Thutmose I had both a common father and mother, Semiseneb, but rose through the ranks of the military to become one of the most prominent commanders under the reign of his predecessor Amenhotep I and possibly served as a co-regent . There is some debate over the parentage of his wife Queen Ahmose. She was either the daughter of Ahmose I and Queen Ahmose-Nefertari or Thutmose I's sister. When Amenhotep I died childless, Thutmose I ascended the throne. Amenhotep's mother, Ahmose-Nefertari, continued to hold the title of God's Wife of Amun into Thutmose's reign, legitimizing his rule.
Thutmose led several major military campaigns most notably against insurgent Hyksos tribes in the Nile Delta. He pursued the tribes all the way to the Euphrates River. In Nubia he led an expedition beyond the Third Cataract where he engaged a Nubian king in hand to hand combat and slew the Nubian king. According to one of Thutmose I's admirals, Ahmose, son of Ebana, upon victory he had the Nubian king's body hung from the prow of his ship, before he returned to Thebes.

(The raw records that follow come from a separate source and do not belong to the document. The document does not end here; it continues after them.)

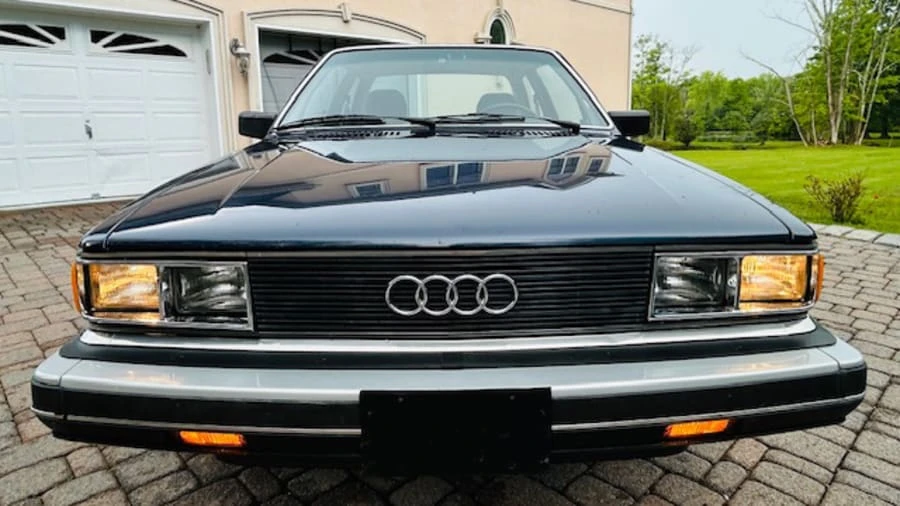1980 Audi B2 80 & 90 & 4000 - Image 4 of 31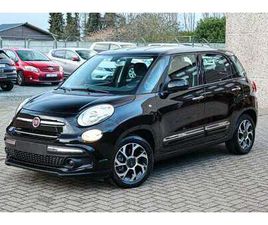 FIAT 500L SLECHTS-5600KM*NAVIGATIE*APPLE-CARPLAY*PARKSENSORE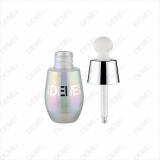 round shape glass bottle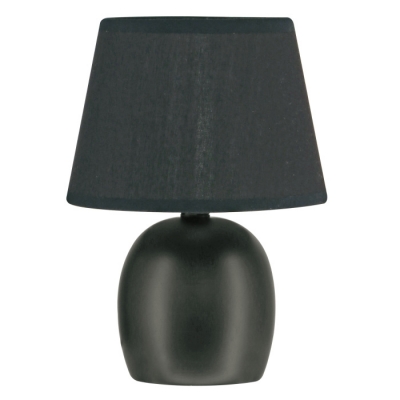 Интерьерная настольная лампа  UML-B304 E14 BLACK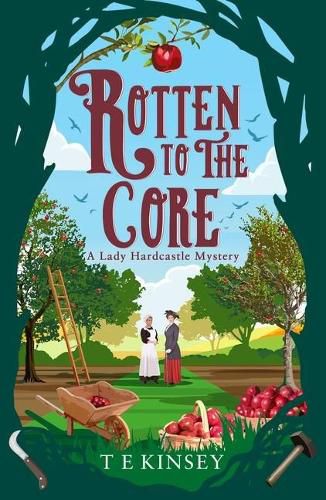 Cover image for Rotten to the Core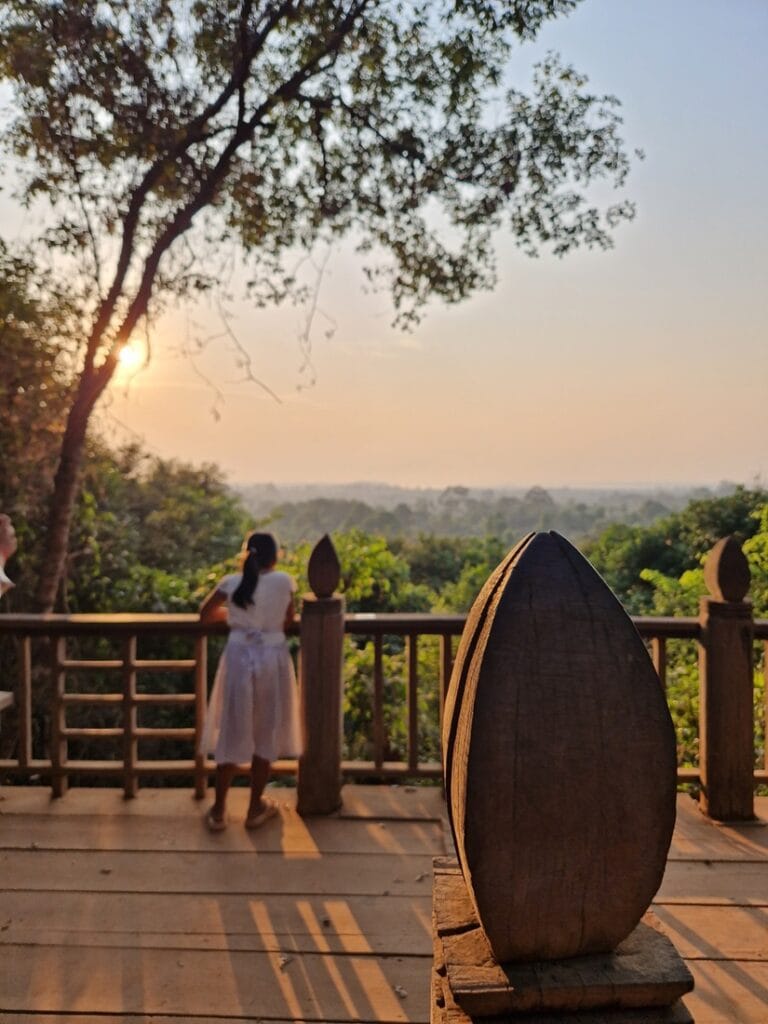 Siem Reap - Kohti avaraa maailmaa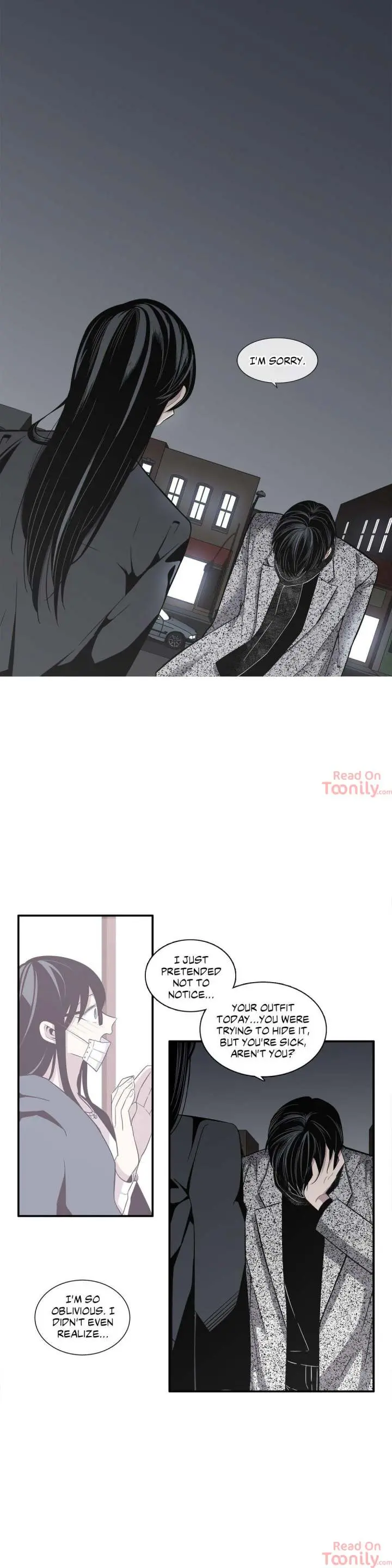 You Make Me Swoon Chapter 11 - Page 19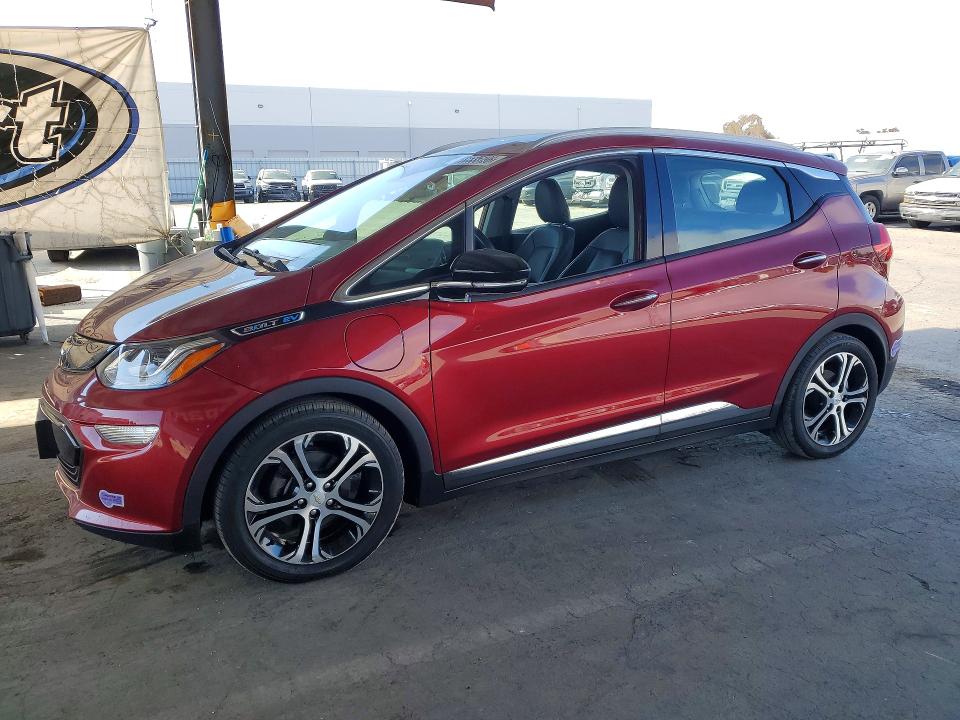 2019 CHEVROLET BOLT EV - Търг №66635196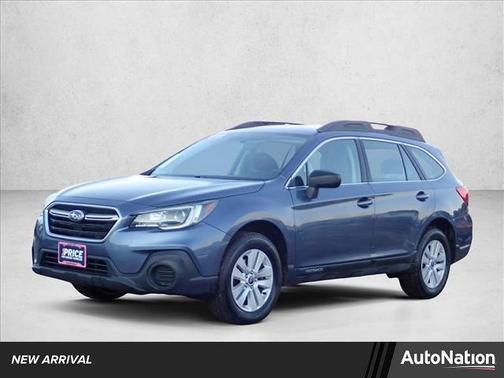 2018 Subaru Outback 2.5i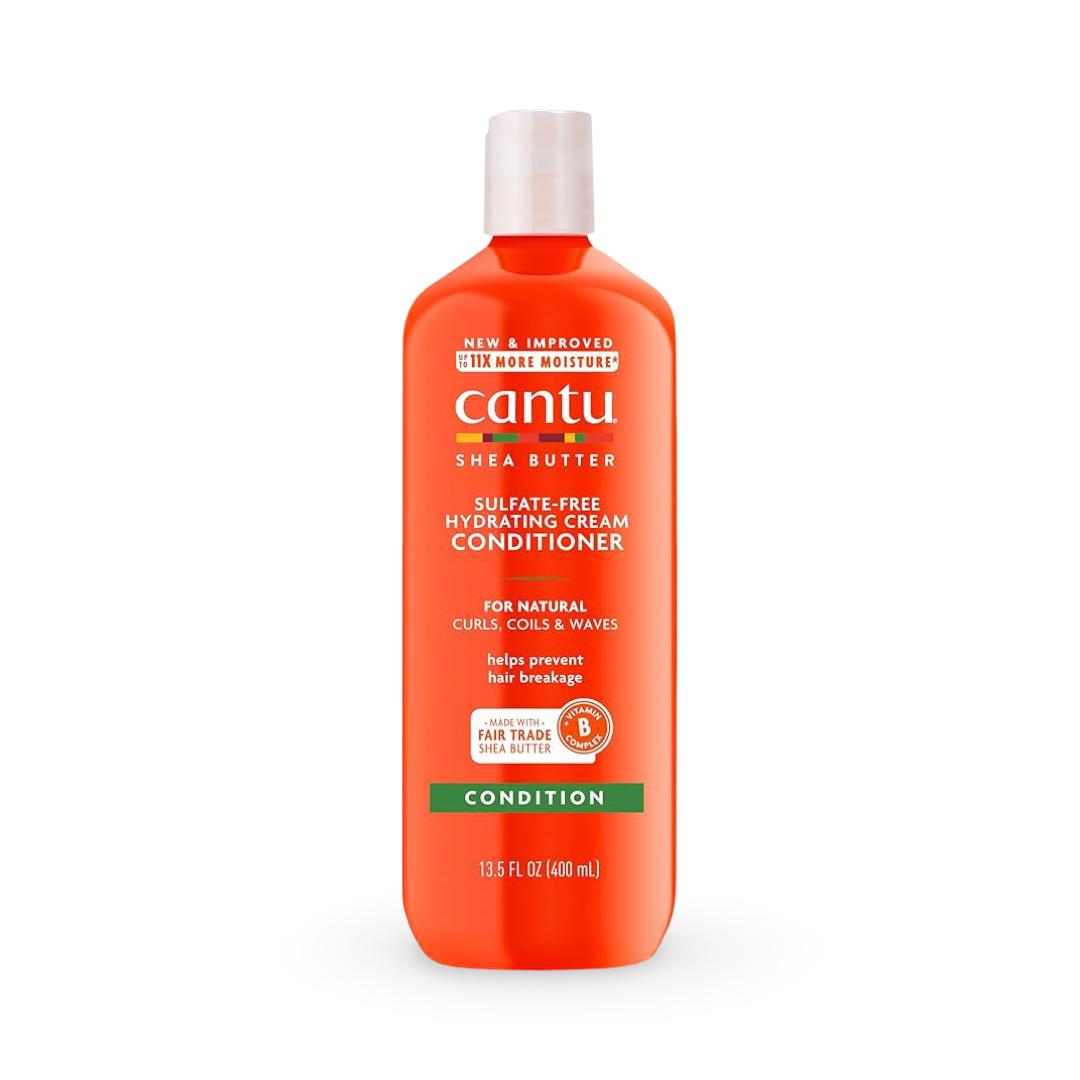 CANTU SULFATE FREE HYDRATING CREAM CONDITIONER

An avid builder, Thutmose I commissioned many construction projects during his rule, including the first tomb carved out at the Valley of the Kings. Much of his projects were at the Temple of Karnak under the supervision of the architect Ineni. These works included the fourth and fifth pylons, numerous courts and statues, the completion of the Treasurey expansion begun by Amenhotep I, and had a hypostyle hall of cedar wood constructed at Karnak to commemorate his victory over the Hyksos.
Ahmose bore him two sons, Wadjmose and Amenmose, both of whom died before Thutmose I. A son by a minor wife, Mutnofret, became his heir and successor Thutmose II, with rival claims by his fully royal daughter Hatshepsut.